Integration - Power BI
The Power BI setup consists of two PBI projects, one report and one dataset. The report imports is straightforward and imports the dataset. The dataset is saved as .pbit file and is included in the repo.
Partitioning
To ensure quick refreshes of the dataset, large tables are split into multiple partitions. For this purpose there is a Python mixin that can be included in SQLAlchemy models. This mixins automatically adds a column called Partition to the model. Furthermore, two indices are added to quickly load one partition and to detect partitions with changes.
The mixin can be found at app/database/models/mixins/has_partitions.py and can be used as follows:
from app.database.models import Base
from app.database.models.mixins.has_partitions import HasPartitionsMixin
from ... import ...
class ModelA(Base, HasPartitionMixin):
__tablename__ = "table_a"
FieldA: Mapped[int]
FieldB: ...
...
def set_partition(self):
"""
Sets the Partition column of the
"""
self.Partition = <PARTITION_LOGIC>
return self
@staticmethod
def partition_sql() -> str:
"""
SQL clause to update the Partition column directly in the database.
It is inserted in: UPDATE table_a SET Partition = <INSERTED_HERE>;
"""
return f"<PARTITION_LOGIC_IN_SQL_FORM>"
@staticmethod
def all_partitions() -> list[str] | None:
"""
All possible partitions
"""
return ["partition1", "partition2", ...]
Some common implementation have been written in:
PartitionedByUUIDMixin@app/database/models/mixins/partition_by_uuid.pyPartitionedByFinancialYearPeriodMixin@app/integrations/exact/models/mixins/partition_by_finyearperiod.py
Power BI API
The authenticate with the Power BI API we make use of a service principal, see this page for more info. The implementation of the communication with the Power BI API can be found in the PowerBIAPI class located in app/integrations/powerbi/api.py.
Refresh dataset
To refresh the dataset (or or subset of tables/partitions) it is important to have enough resources.
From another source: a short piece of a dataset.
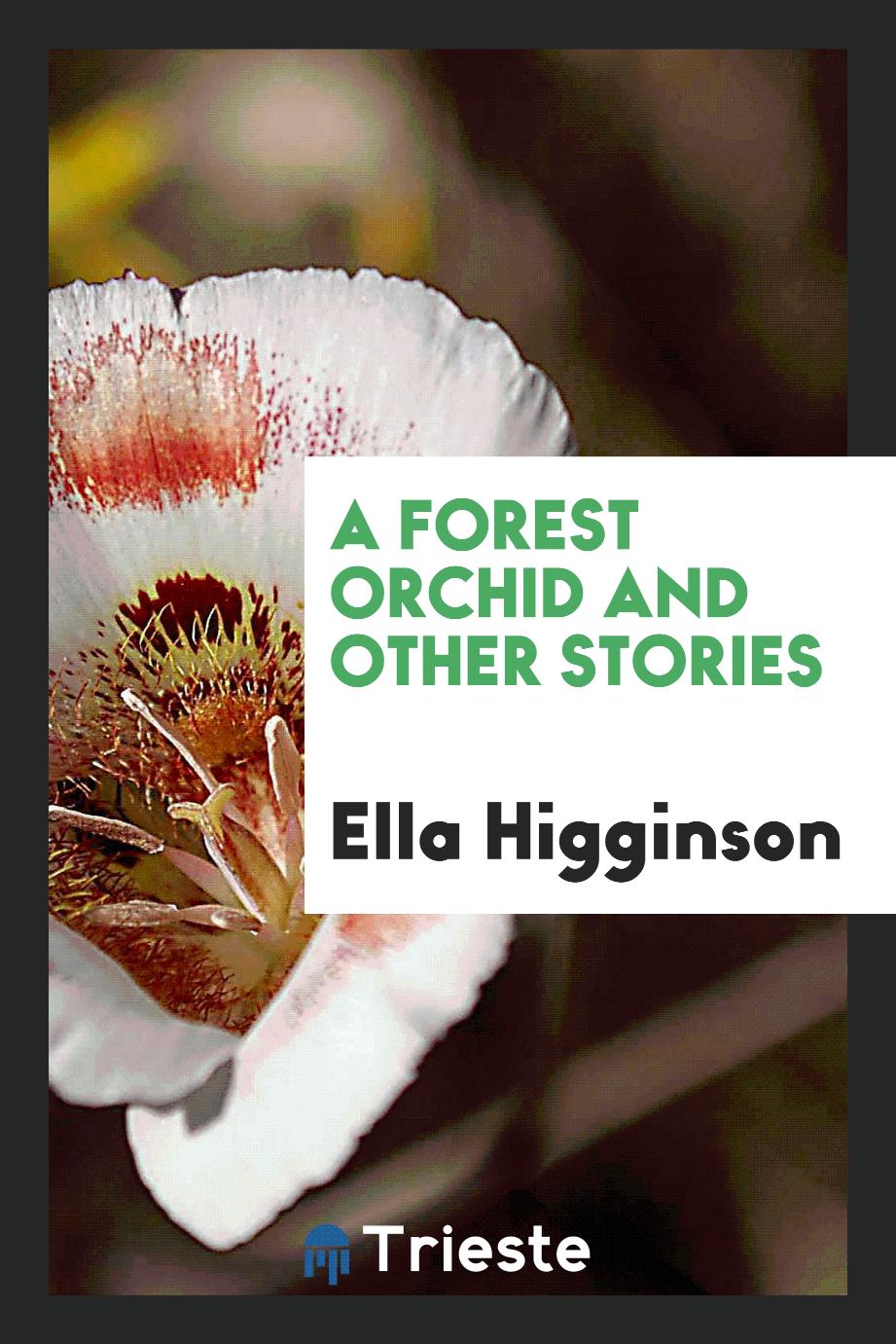 A forest orchid and other stories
In this table the amount of available RAM and amount of parallel table/partition refreshes is listed per SKU:
| SKU | RAM (GB) | Parallel processes |
|---|---|---|
| F2 | 3 | 1 |
| F4 | 3 | 2 |
| F8 | 3 | 5 |
| F16 | 5 | 10 |
| F32 | 10 | 20 |
| F64 | 25 | 40 |
| Source |
Note that the amount RAM needs to be roughly 3 times the size of the database, 1 part for the current model, 1 part for the new data and 1 part for any report views that occur at the same time.
Generate embed token
To get access to the report and apply Row Level Security (RLS) to the data the portal needs a Power BI Embed token. This token can be requested via the /api/v1/pbi/embed-token?division=<CODE> endpoint. The endpoint than requests a embed token from the Power BI API, to handle RLS, it adds the following identity in the request:
{
"username": <CODE>,
"roles": "Division",
"datasets": [<DATASETID>],
}
XMLA
To deploy changes in the .pbip project we make use of the XMLA endpoint. Communication with the XMLA endpoints is coded in Powershell scripts located in /app/integrations/powerbi/xmla/powershell_scripts with Python wrappers in app/integrations/powerbi/xmla. The powershell scripts are basically wrappers around the Microsoft.AnalysisServices library.
Dataset deployment
To deploy the Power BI dataset to Power BI Service run the following command: baa powerbi xmla deploy. Note this command prompts for confirmation and thus requires a tty.
Sometimes after the dataset is deployed some tables or partitions need to be refreshed. To get a list of all tables/partitions that need a refresh use the command: baa powerbi list-tables -n.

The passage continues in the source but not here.